Cipriani contrite but England future depends on Jones's forgiveness

London (AFP) –


England star Danny Cipriani apologised Friday for an incident at a nightclub and is praying it has not ended what has been a redemptive road back to Test rugby.

The mercurial 30-year-old utility back's latest off-the-field episode resulted in a fine for common assault and resisting arrest during a night out on the Channel Island of Jersey where he was at a pre-season training camp with his new club Gloucester.

"I have been in a cell for more than 24 hours thinking about what happened," he told The Times.

Cipriani said the incident was sparked when a bouncer refused to let him take his drink outside the nightclub.

"He then started filming me with a camera attached to his tie. I thought this was intrusive so grabbed the camera. I shouldn't have done it," he said.
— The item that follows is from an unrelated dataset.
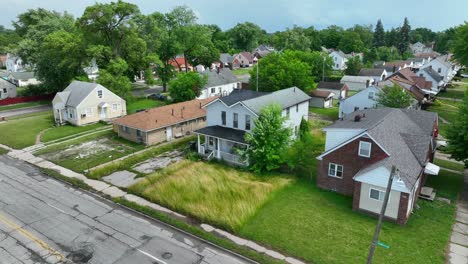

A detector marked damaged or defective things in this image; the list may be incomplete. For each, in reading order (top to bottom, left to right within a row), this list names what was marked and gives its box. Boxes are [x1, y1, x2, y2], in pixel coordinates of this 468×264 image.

cracked pavement [0, 156, 252, 262]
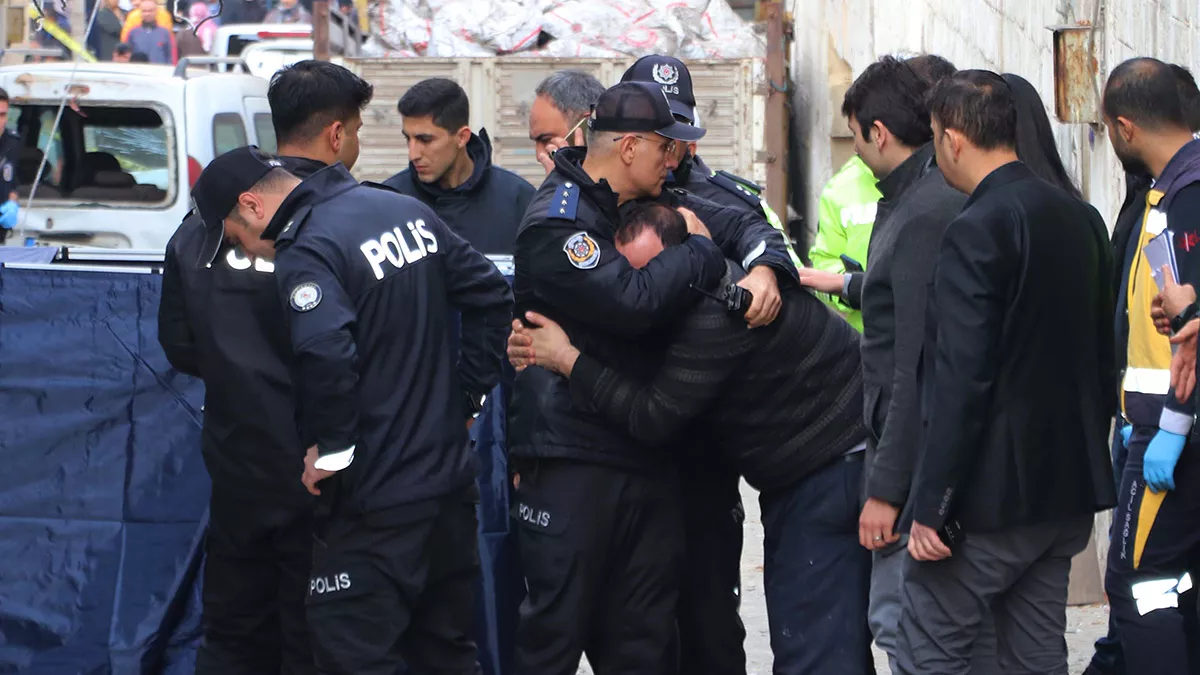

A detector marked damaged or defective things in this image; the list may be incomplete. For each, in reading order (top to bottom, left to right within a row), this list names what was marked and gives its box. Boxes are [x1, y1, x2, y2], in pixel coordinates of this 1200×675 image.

rusty metal sheet [1051, 25, 1099, 124]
"I am very grateful to the magistrate, who said that the incident was minor.

"But I am in no doubt that it was completely unacceptable."

His contrition will, he hopes, carry weight when the ultimate arbiter of his Test career, England head coach Eddie Jones, announces his squad for the November internationals.

Earlier this year, Jones appeared unequivocal about what the consequences for Cipriani would be if he strayed when he told Sky: "If he's on the front page for any other reason (than rugby) he won't be with us."

However, with results on the pitch this year turning against Jones and Cipriani's natural talent shining through in his first England start in a decade in the Test victory over South Africa, the Australian may be loathe to ditch him with the World Cup looming in a year.

- 'You are not employing the pope' -

In the past Cipriani was dropped for an excursion to a nightclub the week of a Six Nations match just after he had broken into the England side and was involved in a collision with a bus after a drinking session with team-mates from his then club, Sale.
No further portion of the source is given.